Nor was this all. There was a Durant Motors of Canada, a Durant Motors Acceptance Corporation, which was not only to finance purchases but also to underwrite storage of cars during the winter by dealers so as to guarantee prompt spring delivery, and a bank, the Liberty Bank in New York. This last item, if unusual for an automobile company, was also ominous. Durant had begun with seven million dollars, and the breakneck expansion of Durant Motors in its first three years had certainly swallowed up all that plus whatever earnings the component companies had made. The incorporation of the bank was clearly an attempt to improve Durant Motors' cash position.

The basic trouble was that Durant had nothing to offer but a name, and while it was a name with some glamor in automobile circles, it was not one to arouse enthusiasm in the money markets. The man who had twice run General Motors into a financial crisis and had been jettisoned by the DuPonts was hardly a good risk. And even if a careful investor was willing to overlook the past record, a casual inspection of Durant Motors would show that it was predominantly an assortment of makeshift and castoffs.

By 1926, although the business boom was well on its way up, Durant's combination was beginning to come unstuck. In that year the properties in Flint were sold to General Motors, and in the following spring the Long Island City factory was disposed of to Ford. Durant's reaction was characteristic. Instead of reducing his operations to a scale commensurate with his resources, he announced grandiose plans for new mergers. There was to be a new combine called Consolidated Motors, which was to unite a group of unspecified independents around the Star "exactly as Buick in 1908 was used as the nucleus and keystone of General Motors. The companies in question were later rumored to be Hupp, Chandler, Peerless, Moon, Gardner, and Jordan.

But the automobile industry had changed too much in 20 years for Durant to be able to make history repeat itself. Nothing came of the proposed mergers; on the contrary, Durant Motors continued to shrink. The Locomobile Company stopped production early in 1929, and late in the summer it was announced that the Elizabeth plant was to be closed --this before the stock-market crash. (These closings left recently developed facilities in Lansing, Michigan, as the company's principal center of production.) Durant was also in trouble with stockholders who claimed that they had been induced to invest through misrepresentation, and he made a typically flamboyant effort to restore confidence by stating that for reasons of health he was turning the management of his affairs over to a group of executives who stood head and shoulders above any others in the automobile industry. This group turned out to be Frederick J. Haynes and several other Dodge executives who had been dislodged in the Chrysler-Dodge merger. They lasted a little over a year.

The crash of 1929 finished Durant Motors, although the final liquidation was delayed until 1933. Durant was not the man to concede defeat until he was knocked out. He tried to salvage his company by an arrangement with E. E. C. Mathis, a French automobile manufacturer, to make Mathis cars at Lansing, predicting with his usual incurable optimism that the day of the small car was at hand because of parking problems and cost of maintenance. It could be that he was right but merely premature. In any event, as the depression deepened, people were buying neither small nor large cars, and this time Durant was out. The fall of Durant Motors was his third strike.
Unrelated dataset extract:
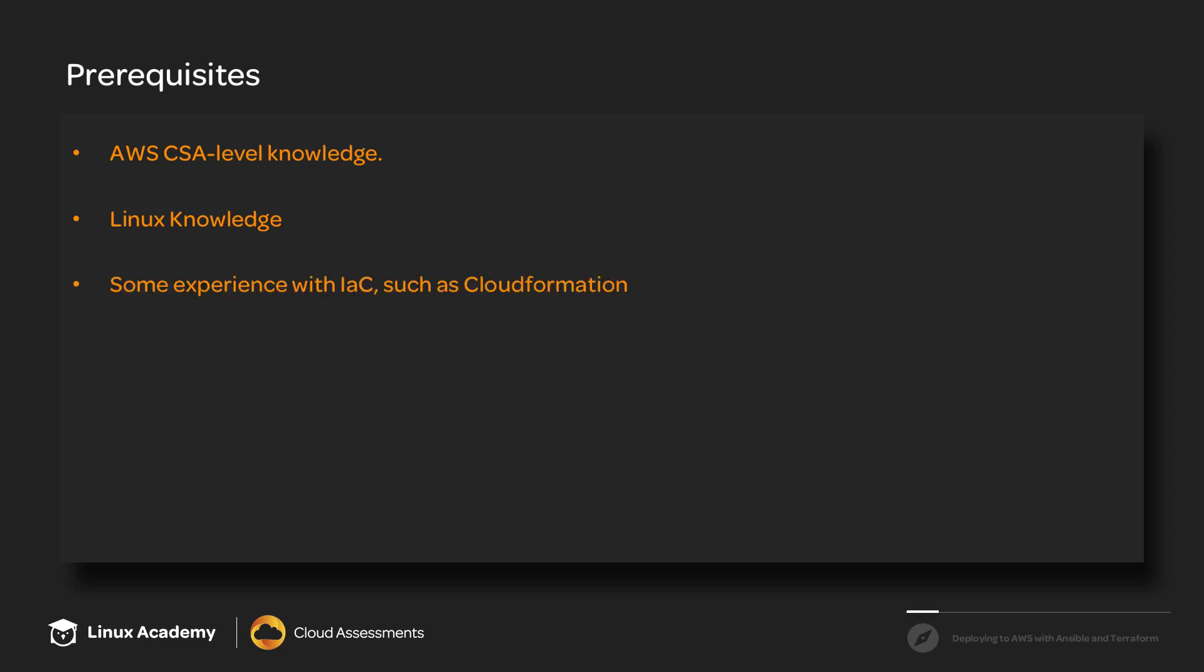Some experience with infrastructure as code, such as with CloudFormation, is also very useful. If you have some experience with Terraform, then that's great. This isn't necessarily a requirement, but I certainly recommend understanding the concepts behind CloudFormation, Terraform, and other infrastructure as code tools.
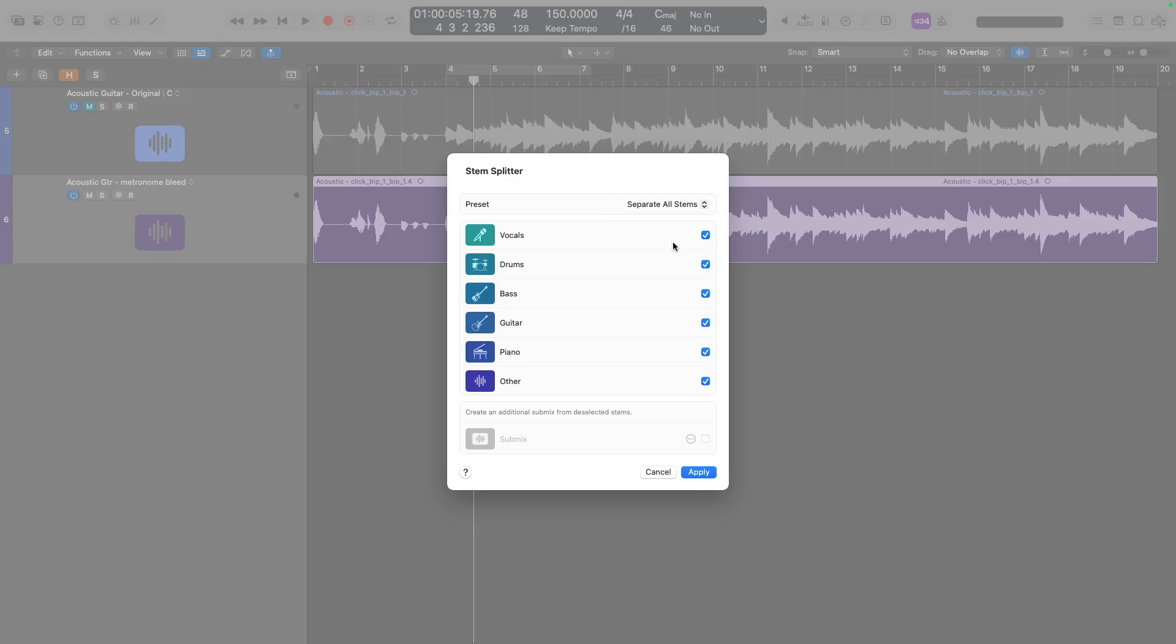First, we know a voice is in there, but I don't want a completely separate vocal stem. So I'll deselect it. Next up is drums. Now we don't have drums in the recording, but if I were to guess, I bet you that StemSplitter would categorize the metronome as part of the drum stem. So I'm going to leave that selected.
That Durant had some of the qualities of greatness is beyond dispute. The Durant-Dort Carriage Company achieved its success because it made a better article more efficiently than its competitors. The Buick represented a contribution to the development of the automobile, and while Durant was not responsible for the contribution, he was the one with the foresight to realize the car's potentialities and the daring to gamble on it. His vision of a great automotive enterprise offering a car in each price range was perfectly sound. This was the concept that made both General Motors and the Chrysler Corporation, and to which Ford eventually had to come.

This much was constructive. But somewhere along the line "Billy" Durant became lost in a dream world of high-pressure promotion and paper values. He was not alone in this error during the 1920's, and it is much to Durant's credit that his fall was unaccompanied by the kind of scandal that attended the collapse of other paper empires of the period. He brought catastrophe to himself as well as his investors. At the age of 75, in fact, he had to file a petition in bankruptcy listing assets of $250 and liabilities of $914,000.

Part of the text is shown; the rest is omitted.